Cather’s O Pioneers! and the "Old Story"

“And now the old story has begun to write itself over there. Isn’t it queer: there are only two or three human stories, and they go on repeating themselves as fiercely as if they had never happened before; like the larks in this country, that have been singing the same five notes over for thousands of years.”

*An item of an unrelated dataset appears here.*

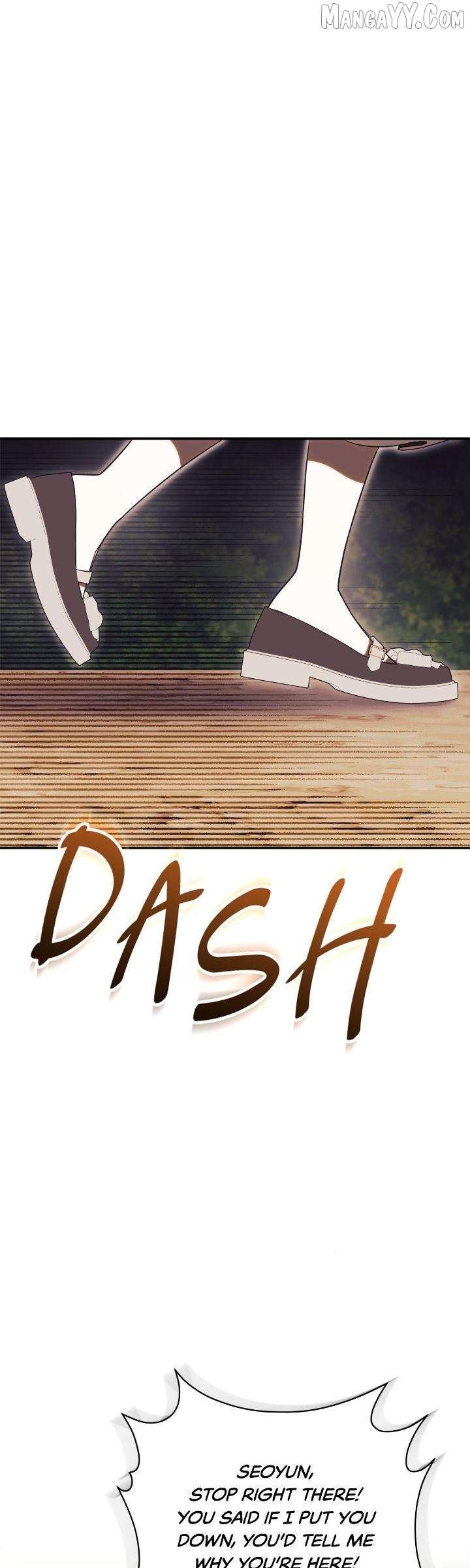 How to Reject My Obsessive Ex-Husband Chapter 78 page 52
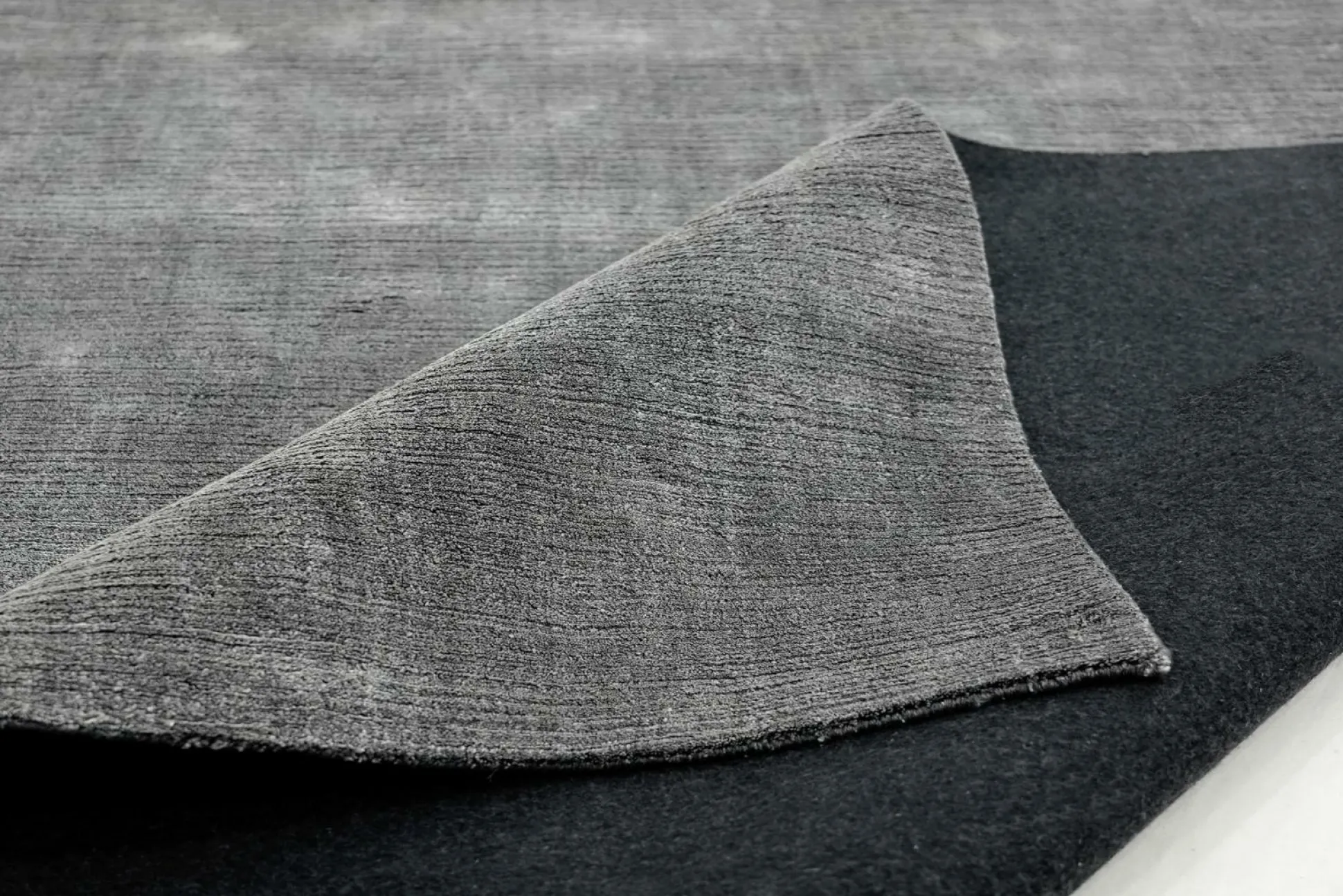 Teppich LEINEN DE LUXE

Earlier this month, I blogged on Willa Cather’s novel O Pioneers! about the immigrant farming experience. How interesting to continue reading along and come to a sentence similar to one in another past blog, John Steinbeck’s epic book East of Eden. Steinbeck writes there is only one story — the fight between good and evil. Cather’s “old story” is that farming families stay on their land repeating traditions and continuing the struggle for survival, generation after generation. I’d like to hope we learn from past evil and past struggles rather than going through life like Sisyphus, forever destined to roll a huge boulder up a hill only to watch it fall down again. Tell me Steinbeck and Cather are “wrong!”

Steinbeck

Steinbeck’s East of Eden

“We have only one story. All novels, all poetry, are built on the neverending contest in ourselves of good and evil. And it occurs to me that evil must constantly respawn, while good, while virtue, is immortal. Vice has always a new fresh young face, while virtue is venerable as nothing else in the world is.”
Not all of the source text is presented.